Bölüm 22

760 40 77
                                    

Nabersiniz?

Su sıralar bazı sebeplerden çok yoğunum ve olmaya da devam edeceğim. Bölümün gelmesi uzun sürebilir yani.  Hazırladığım an atacağım ama yine de anlayışlı olun lütfen.

Veee yorumların eksikliğini hissediyorum. Lütfen bol bol yorum yapıp, oy verin.

Hadi şimdi bölüme geçelim.

<•••>

Vartolu Sadettin hastaneden çıktığı gibi arabasına binerek, arkasından gelenleri umursamadan arabayı çalıştırdı ve gaza bastı.

Geride kalan Yamaç, endişe ve sıkıntıyla giden arabanın arkasından baktı.

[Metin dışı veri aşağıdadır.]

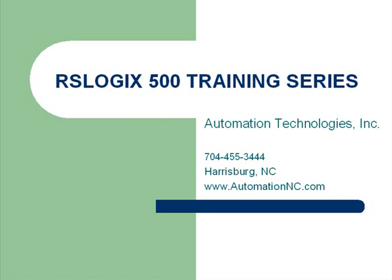Welcome to the Automation Technologies RSLogix 500 training series. This is Russell White, and I'll be leading you through some short examples on programming in this platform.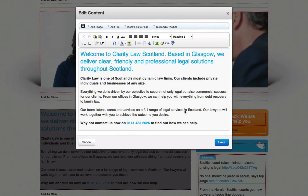This will bring up the editor. All you need to do now is highlight the text that you wish to change and then click Save.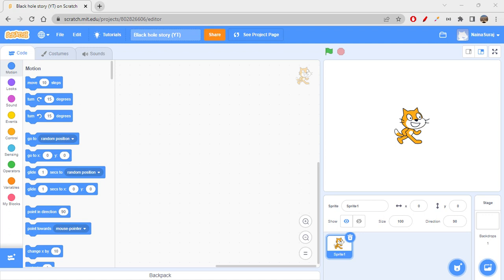Hi folks, how are you all doing today? It's time to learn about what are black holes. I hope you might have heard what a black hole is and what exactly they are in space — how they look and what is the gravity. You might have heard some stories on them.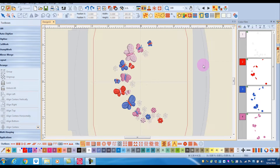Another type of editing you might want to do is to change the colors of a design. Let's take a look at the color toolbar.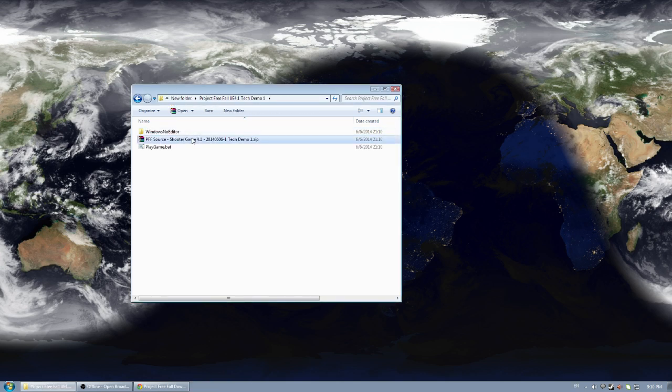I included the source code for the tech demo, this is only Project Free Fall source code and to use it you'll actually have to go through the same steps I detailed in how to use Unreal 4 source code, a video I put up not too long ago.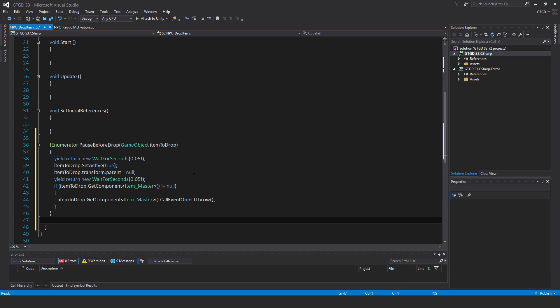Item to drop dot set active true, item to drop dot transform dot parent is equal to null, yield return new wait for seconds 0.05f, if item to drop dot get component item master is not equal to null, then item to drop dot get component item master dot call event object throw.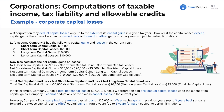We can carry back the excess capital loss of $25,000 to offset capital gains in previous years — up to three years back — or carry forward the excess capital loss to offset capital gains in future years, up to five years forward, subject to limitations. Definitely want to memorize the three years back, five years forward. And this is how we would apply it.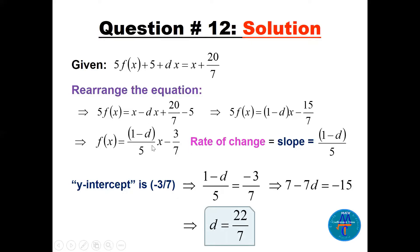The slope is the coefficient of x after you solve for y — and remember f(x) is always y. The rate of change is the slope, which is the coefficient of x after solving for y. If we put x equal 0, the y-intercept is minus 3/7. So we set (1 minus d)/5 equal to minus 3/7, cross multiply: 7 minus 7d equals minus 15, and d equals 22/7.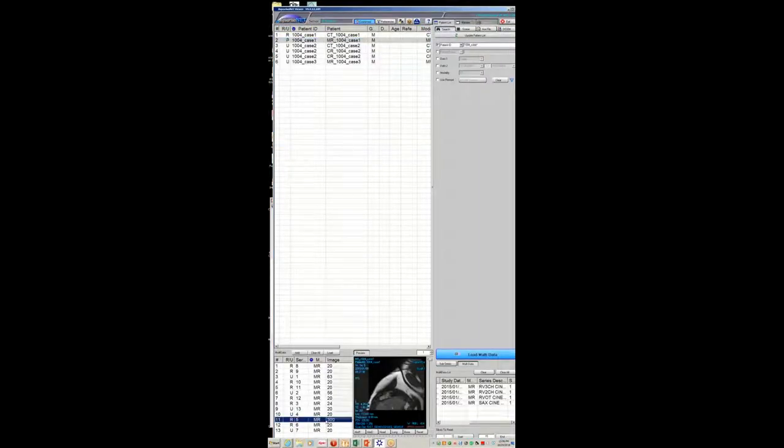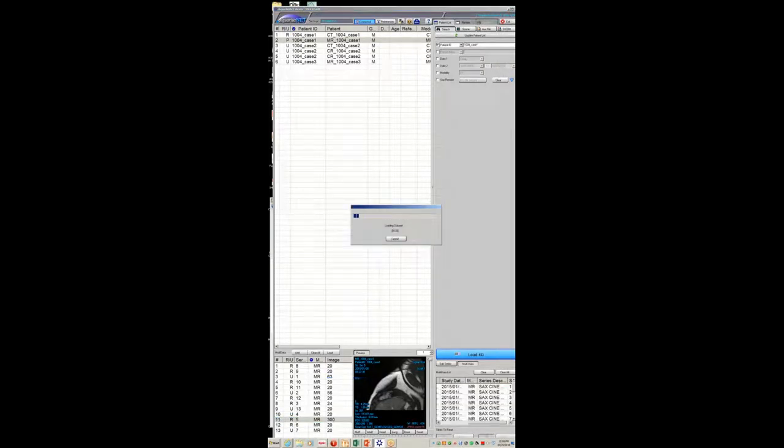First, MRI cine images. You can see that there is thickening of — this is the tricuspid valve. There's a fair amount of tricuspid regurgitation in the patient. Additionally, you can see that the right heart is a little dilated. There's lining up in diastole. You can also see here the tricuspid valve.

Salih’in gözü göz değildi, bir şey yapacaktı. Bundan emindi Yamaç. Onu takip edemeyeceğine göre, sadece dua edip sağ salim geri dönmesinden başka bir şey gelmiyordu elinden.

Yamaç omuzu düşük bir şekilde gerisin geri hastahaneye döndü. Üçüncü kata çıktı ve yoğun bakımın önüne doğru ilerledi. Selim ve Umut bekleme koltuklarında öylece oturmuş, bekliyorlardı. Yamaç da gidip yanlarına oturdu.

“Salih gitti, durduramadım.” Dedi sessizce.

Umut amcasına baktı ve elini koluna koydu dikkatini çekmek için. “Babamı bu saatten sonra kimse durduramaz. Şu anda, düşündüğü tek şey ailesine zarar veren insanları bulup kendi elleriyle öldürmek. Çok kızgın. Ben daha önce..” Yutkunarak başını eğdi. “Onu hiç böyle görmedim. Sanki bambaşka biri vardı karşımda.”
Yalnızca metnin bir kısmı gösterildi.